SÖZLEŞMELİ PERSONELİN KADROYA ALINMASI
Toplantıya verilen arada gazetecilerin sorularını yanıtlayan Faruk Çelik, yerel yönetimlerdeki sözleşmeli personelin kadroya alınmasında sorun yaşanmadığını açıklayarak, "Sözleşmeli personel sayısı 164 bin. Pazartesi günü Bakanlar Kurulu’nda sözleşmeli personelin mevcut durumuyla ilgili ve tarihçesiyle ilgili bilgi sunacağız. Başbakanımızın verdiği talimat ki, yerel yönetimlerdeki sözleşmeli personelin kadroya alınması konusu zaten sorun teşkil etmiyor.

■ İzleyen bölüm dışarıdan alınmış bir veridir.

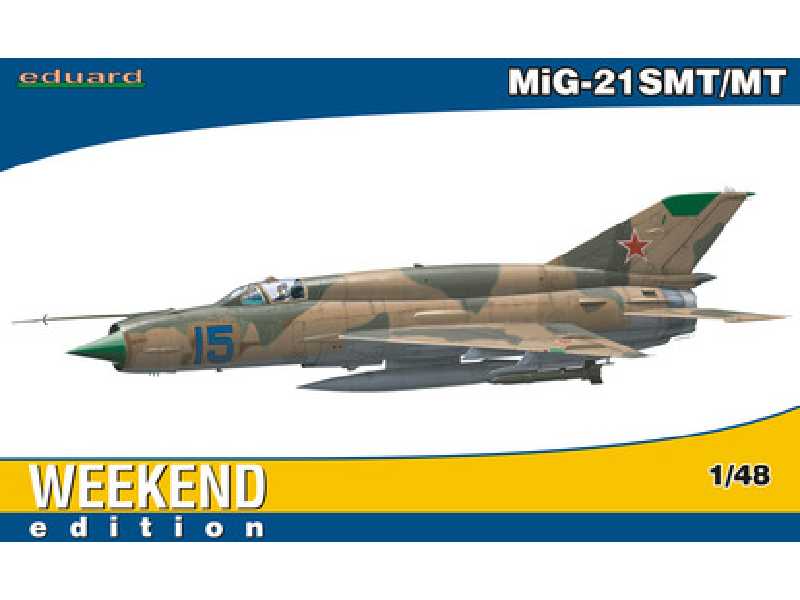 MiG-21SMT 1/48 - samolot - zdjęcie 1 MiG-21SMT 1/48 - samolot - zdjęcie 1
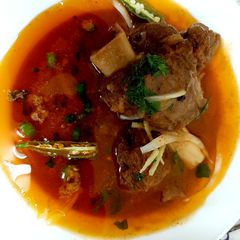A picture of Nihari😊(rich mutton gravy).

O düzenleme olacak. Sözleşmeli çalışan konusunda Bakanlar Kuruluna detaylı bilgi vereceğiz. Süre sınırlaması düşünüyoruz. 4 Haziran 2011 itibariyle 21 bin civarında yerel yönetimlerde sözleşmeli personel var" dedi.
BAŞÖRTÜSÜ İSTİKBALE ENGEL OLMAMALI
Başı açık olmadığı için diploması işlevsiz hale gelen bir kişinin haksızlığı uğradığını söyleyen Faruk Çelik, şöyle konuştu:
"Türkiye demokratikleşme konusunda önemli adımlar atıyor. Milletle devlet her gün daha da barışık hale geliyor. Bir gencimiz üniversiteyi bitiriyor. Ama başı açık olmadığı için bu diploması işlevsiz hale geliyorsa tabi ki bu ciddi bir haksızlığı da beraberinde getiriyor. Türkiye bu konuları tartıştı. Bu sorunların aşılması gerekiyor. Bu mesele insan merkezli ele alınmalı temel hak çerçevesinde ve diyalogla ele alınmalıdır. Hoşgörü ortamında çözülmelidir. Ak Parti’nin genel bakışı bu. Üniversitelerde kızlarımızı okutamadık. Gittiler Amerika’ya, dünyanın dört bir yanında okudular. Bunlar bizim Ayşelerimizdi, Fatmalarımızdı. Bizim insanımızdı. Bunu getirip başörtülü, başı açık hale dönüştürmenin anlamı yok. Her ailede başı açık insanımız var. Biz dostça ve kardeşçe yaşarken bu insanımızın bu tercihlerini istikballerine engel teşkil edecek şekle dönüştürmek doğru değil. Bunları aşmamız lazım. Bu sorunun ortadan kalkacağını düşünüyorum. Bunu meydan okuma tartışma ortamına dönüştürülmesi doğru değil. Haklar çerçevesinde ele alınabilir."